Performance Evaluation and Anomaly detection in Mobile BroadBand Across Europe
Autor(es)
Moulay, MohamedSupervisor(es)/Director(es)
Mancuso, VincenzoFecha
2022-07-20Resumen
With the rapidly growing market for smartphones and user’s confidence for immediate access to high-quality multimedia content, the delivery of video over wireless networks has become a big challenge. It makes it challenging to accommodate end-users with flawless quality of service. The growth of the smartphone market goes hand in hand with the development of the Internet, in which current transport protocols are being re-evaluated to deal with traffic growth. QUIC and WebRTC are new and evolving standards. The latter is a unique and evolving standard explicitly developed to meet this demand and enable a high-quality experience for mobile users of real-time communication services. QUIC has been designed to reduce Web latency, integrate security features, and allow a highquality experience for mobile users. Thus, the need to evaluate the performance of these rising protocols in a non-systematic environment is essential to understand the behavior of the network and provide the end user with a better multimedia delivery service. Since most of the work in the research community is conducted in a controlled environment, we leverage the MONROE platform to investigate the performance of QUIC and WebRTC in real cellular networks using static and mobile nodes. During this Thesis, we conduct measurements ofWebRTC and QUIC while making their data sets public to the interested experimenter. Building such data sets is very welcomed with the research community, opening doors to applying data science to network data sets. The development part of the experiments involves building Docker containers that act as QUIC and WebRTC clients. These containers are publicly available to be used candidly or within the MONROE platform.
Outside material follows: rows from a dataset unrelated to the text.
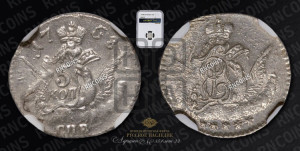 5 копеек 1758 года СПБ (кружок малого формата)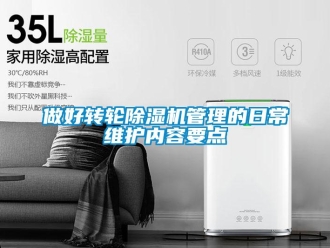 常见问题做好转轮除湿机管理的日常维护内容要点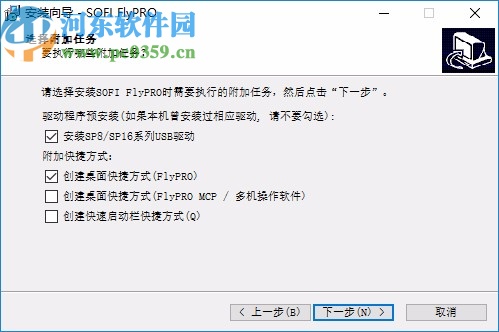 FlyPRO(硕飞烧录器)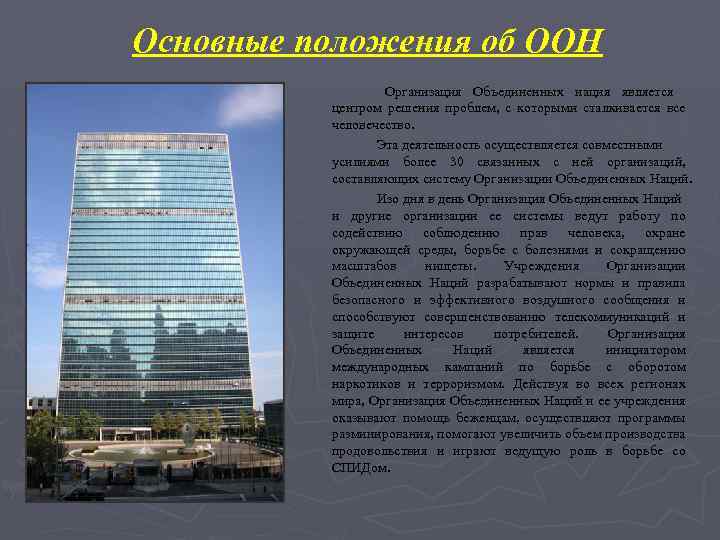 Основные положения об ООН Организация Объединенных нация является центром решения проблем, с которыми сталкивается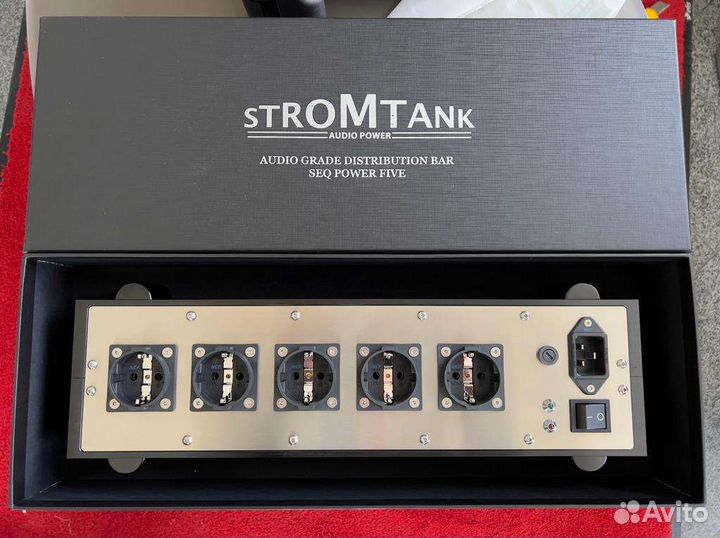 Stromtank audio power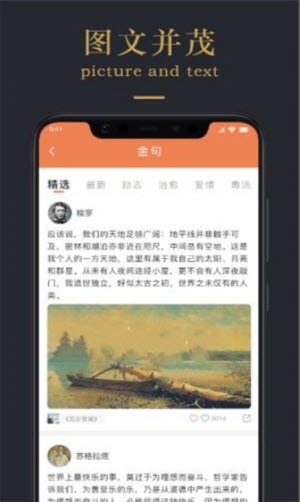 情感文案截图2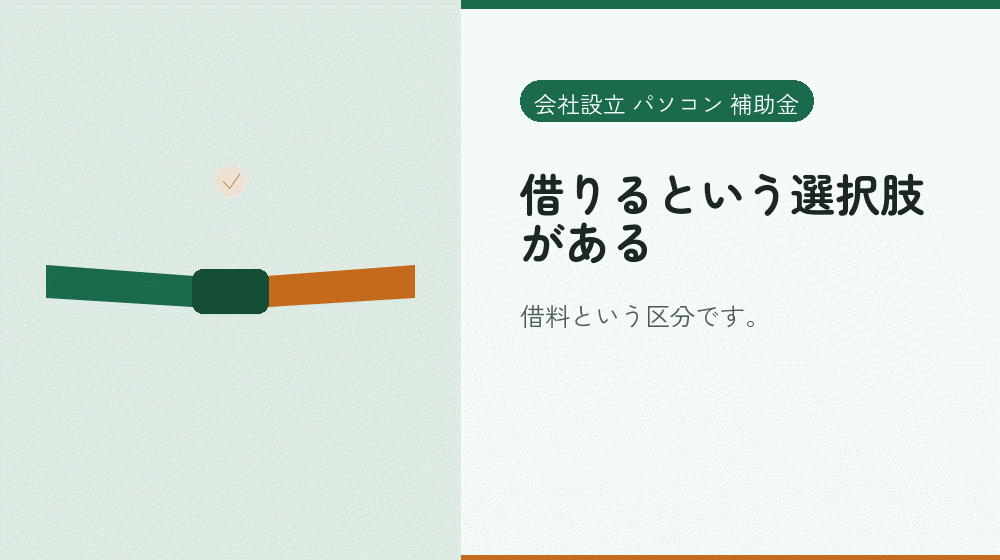 借りるという選択肢がある｜会社設立の補助金と支援
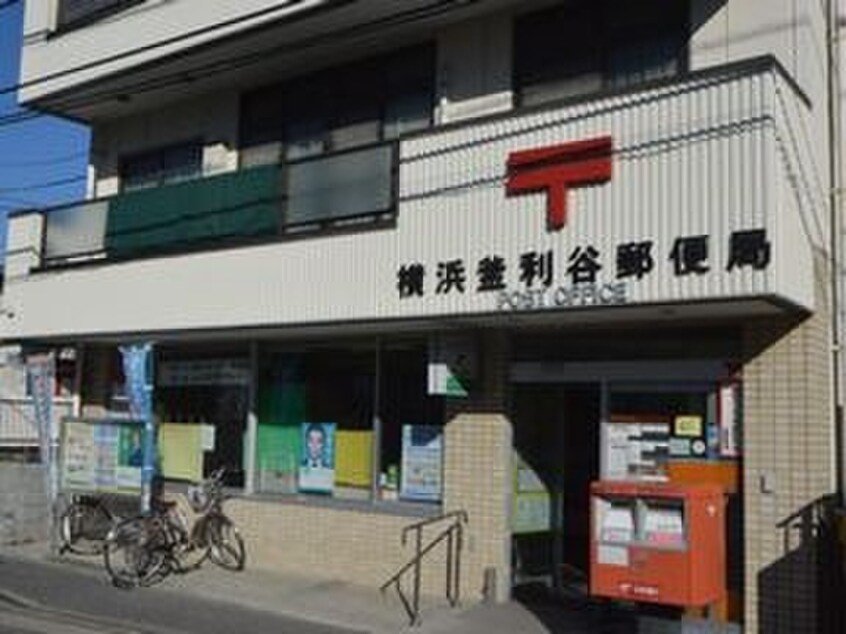 横浜釜利谷郵便局(郵便局)まで189m アイミーハウス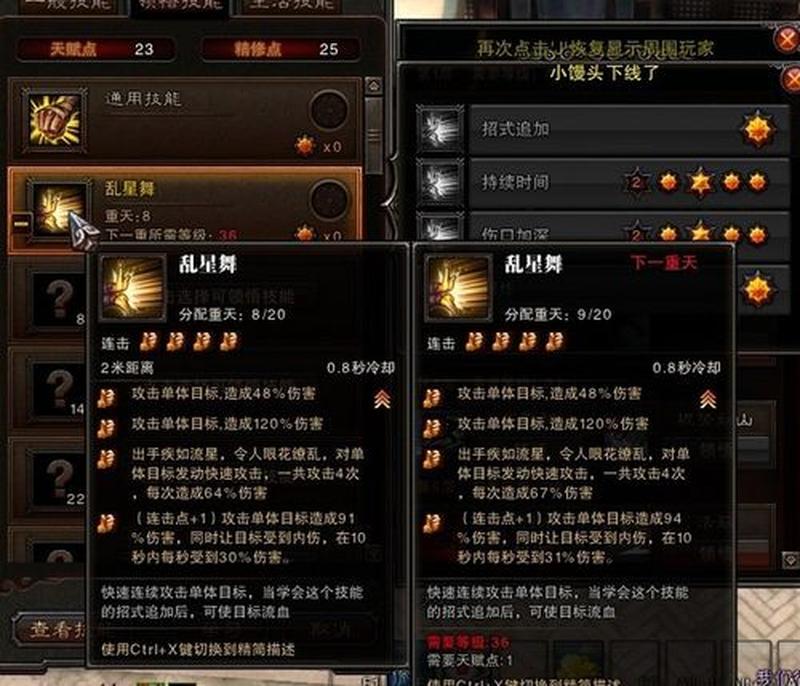 斗战神血牛技能加点2019—斗战神血牛加点攻略：极致防御，坚不可摧-第1张图片-铖浩科技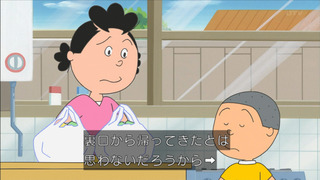 sazae-177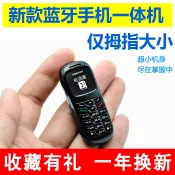 協貿國際日用品生活9館 迷你手機超小袖珍按鍵學生兒童棒棒機小型戒網專用拇指可愛mini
These key contributions span from Chapter 4 to Chapter 5 presented in Part II of the Thesis.
We exploit data collection from MONROE to apply data science over network data sets, which will help identify networking problems shifting the Thesis focus from performance evaluation to a data science problem.
Indeed, the second part of the Thesis focuses on interpretable data science. Identifying network problems leveraging Machine Learning (ML) has gained much visibility in the past few years, resulting in dramatically improved cellular network services. However, critical tasks like troubleshooting cellular networks are still performed manually by experts who monitor the network around the clock.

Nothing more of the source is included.